The House of Commons European Scrutiny committee has published its conclusions on recent EU sanctions measures relating to Iran, Central African Republic, Burma/Myanmar, and Ukraine & Russia. It has not cleared them all…
Considering the EU’s decision in April 2016 to re-list Bank Saderat with new reasons on its Iran sanctions, after the bank had the annulment of its prior sanctions listing upheld by the Court of Justice (see previous blog), the Committee declined to clear the related measures from scrutiny. It said that Minister for Europe David Lidington had not provided an explanation as to why the Council considered that the new listing would be any more likely to withstand challenge than the previous one, adding that lack of any explanation in respect of the “barely discernible” changes gave rise to the inference that the new listing was an artificial legal device to prolong sanctions with a weak legal foundation.
Central African Republic
The Committee cleared the EU’s decision in April to make minor amendments to the derogations under its arms embargo on the CAR and update the designation criteria for its asset freeze and travel ban, primarily to reflect that elections had taken place in the country (see previous blog). However, the committee objected to its scrutiny having been overridden in this case, distinguishing it from the EU measures targeting Joseph Kony (see previous blog) that it cleared last month. It stated that the override of its scrutiny was “part and parcel of a policy adopted recently by the Minister”, by which he is “deliberately undermining scrutiny” by the House of Commons.

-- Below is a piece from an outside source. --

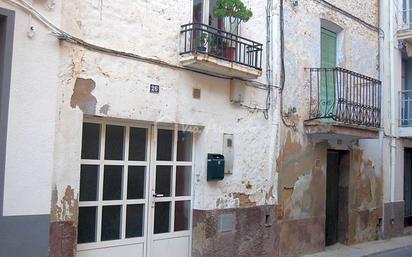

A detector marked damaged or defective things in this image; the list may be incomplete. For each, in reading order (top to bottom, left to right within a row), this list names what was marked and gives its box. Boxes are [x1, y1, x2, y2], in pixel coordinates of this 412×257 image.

The EU’s decision to extend its sanctions against Burma for a further 12 months, until 30 April 2017 (see previous blog), was cleared of scrutiny by the Committee. It noted the ongoing challenge posed by the influence that the Burmese military retains in government, and concerns about Burma’s human rights situation, and asked the Minister to report back to it on an upcoming meeting of the EU-Myanmar Human Rights Dialogue.
Ukraine & Russia
The Committee has called for the Commons to debate the wider context of the EU’s economic and sectoral sanctions against Russia, which the Minister has said should be extended in July in view of the fact that the Minsk peace agreements have yet to be implemented in full. In the meantime, the Committee has kept under scrutiny the EU’s decision to extend its targeted sanctions against people undermining the sovereignty of Ukraine until 15 September 2016 (see previous blog).